Śivasaṃhitā 1.74
Prathamaḥ paṭalaḥ — Jñāna
Sanskrit text
Transliteration
Translation
Commentary
Union with brahman through knowledge as the practical goal of the chapter, interwoven with the description of cumulative elemental qualities. The denser elements contain within themselves the qualities of all previous ones: the earth carries the complete register of the sensory universe. Similarly, the yogi who unites with brahman loses nothing of what they were—they contain everything in their fullness.
Śuddhe brahmaṇi (in pure brahman, unmixed) designates the Absolute in its most refined dimension. Sambaddho vidyayā (united by knowledge, connected through vidyā) indicates that the instrument of that union is knowledge—not ritual or devotion exclusively. Sahaja (natural, innate, spontaneous) describes the state that results from that union: it is not acquired but revealed.

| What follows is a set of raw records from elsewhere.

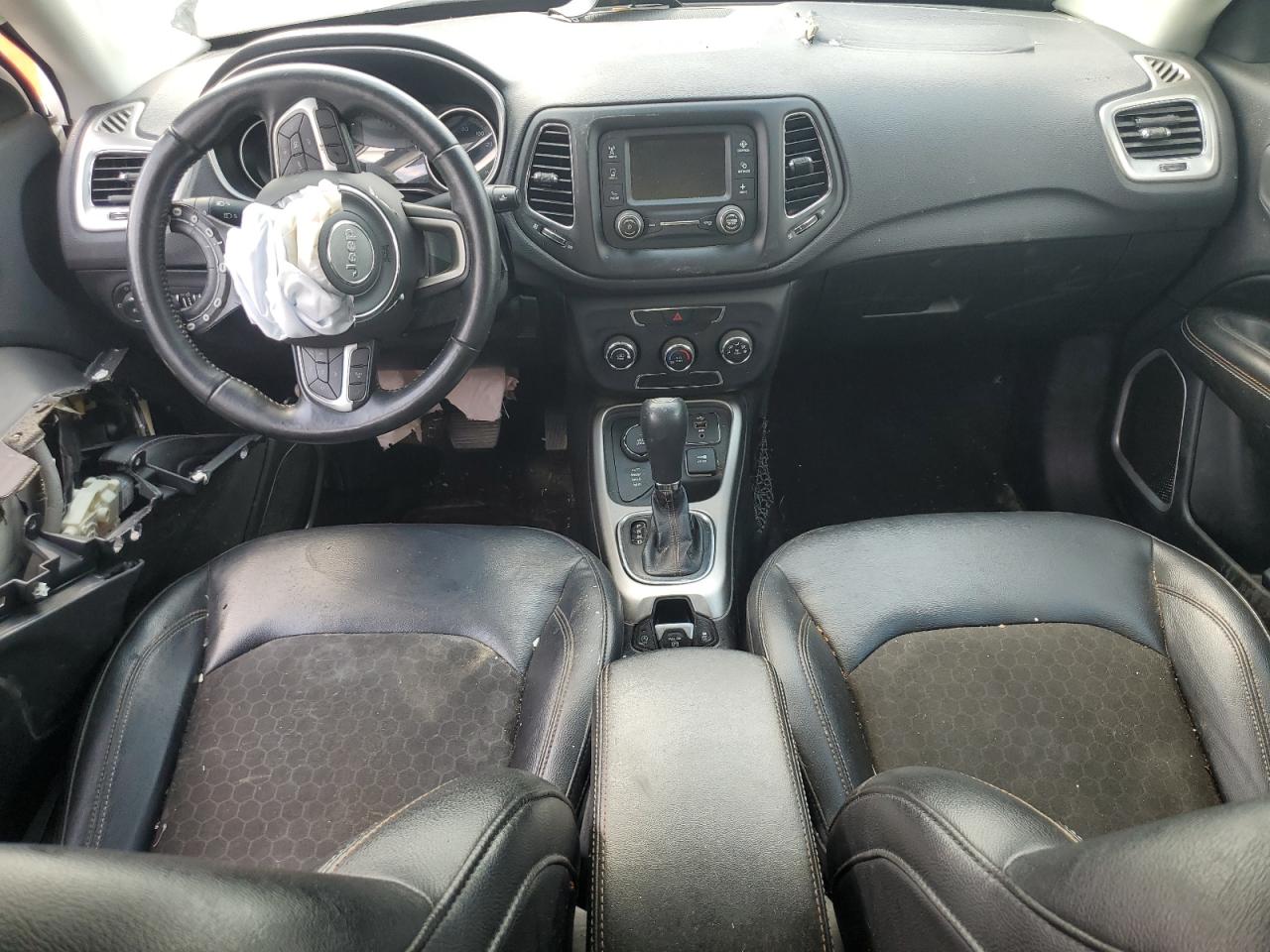 2017 Jeep Compass Latitude VIN: 3C4NJDBBXHT674521 Lot: 71322585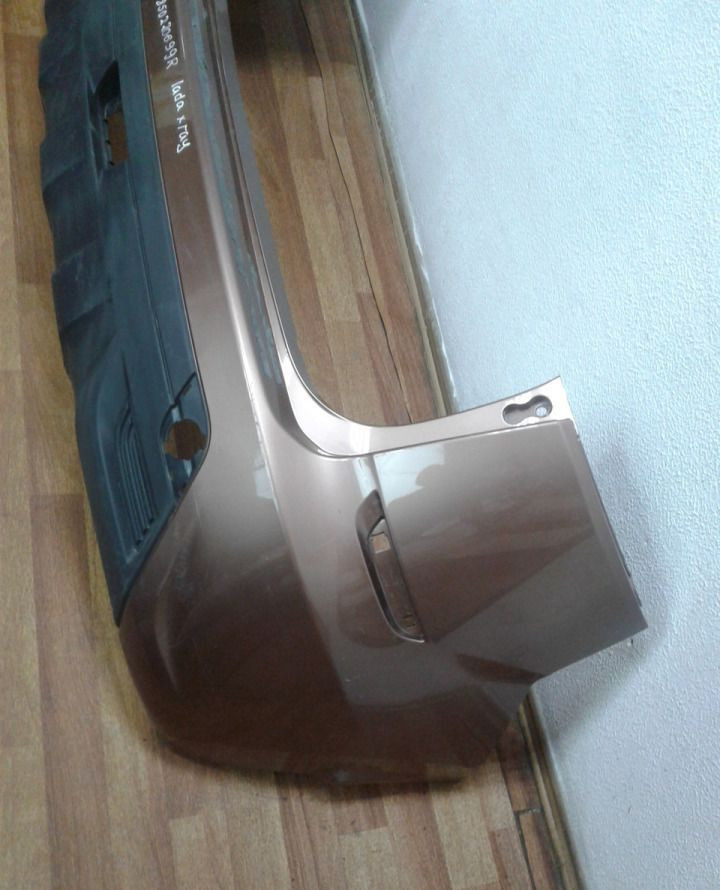 Бампер задний Lada Xray oem 850220699r (скл-3) Бампер задний Lada Xray oem 850220699r (скл-3)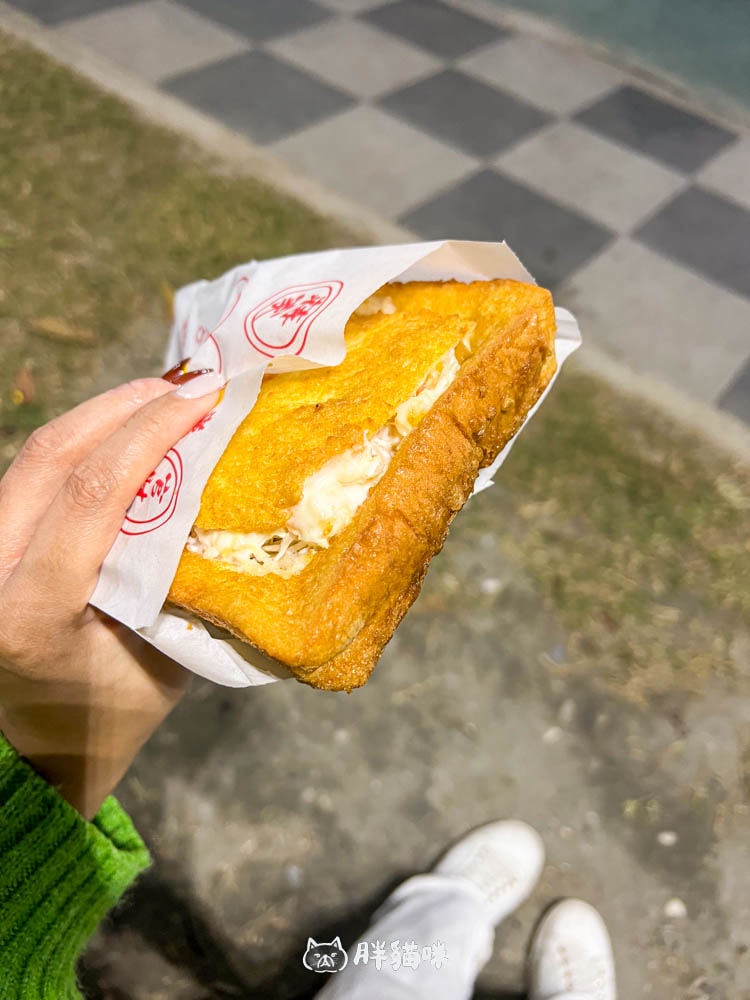 花蓮東大門夜市必吃!【蔣家官財板東大門夜市店】:超多創意口味,酥脆吐司+濃郁內餡,排多久都要吃到? - 第8張圖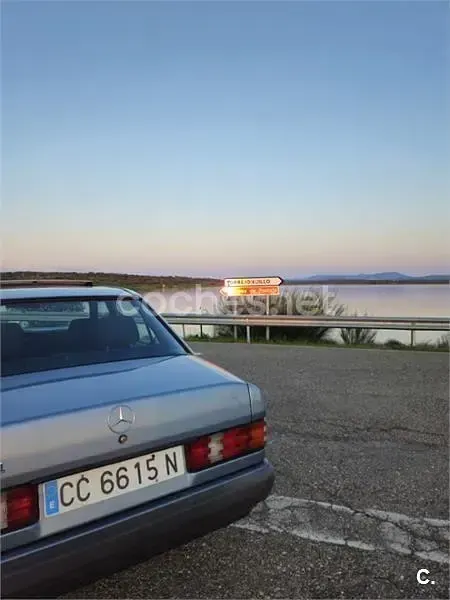 Usado Mercedes 190 75 CV (55 kW) 1986 Azul Berlina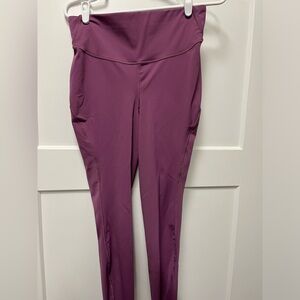 EUC! Women’s Lululemon cropped leggings. Size 10. Purple.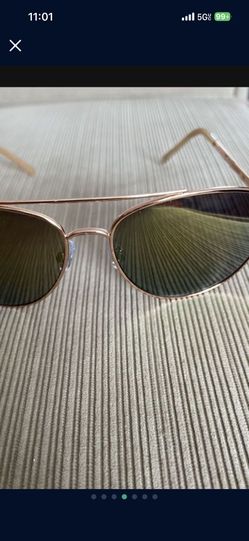 There Very Nice Sunglasses There UNISEX Sunglasses Made By ADRIENNE VITTADINI They Are Brand New Never Worn 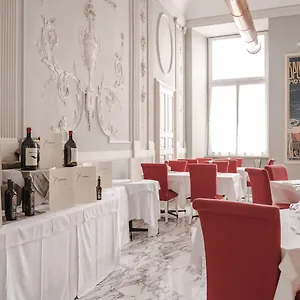 De 4*, Gênes Italie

The five cumulative qualities of the elements—culminating in earth with all five (śabda-sparśa-rūpa-rasa-gandha)—are a pedagogical map of the sensory world. In yogic practice, pratyāhāra (withdrawal of the senses, YS II.54) inverts this process: the practitioner learns to withdraw consciousness from the densest qualities toward the subtler ones, until reaching the pure space of consciousness prior to all elements.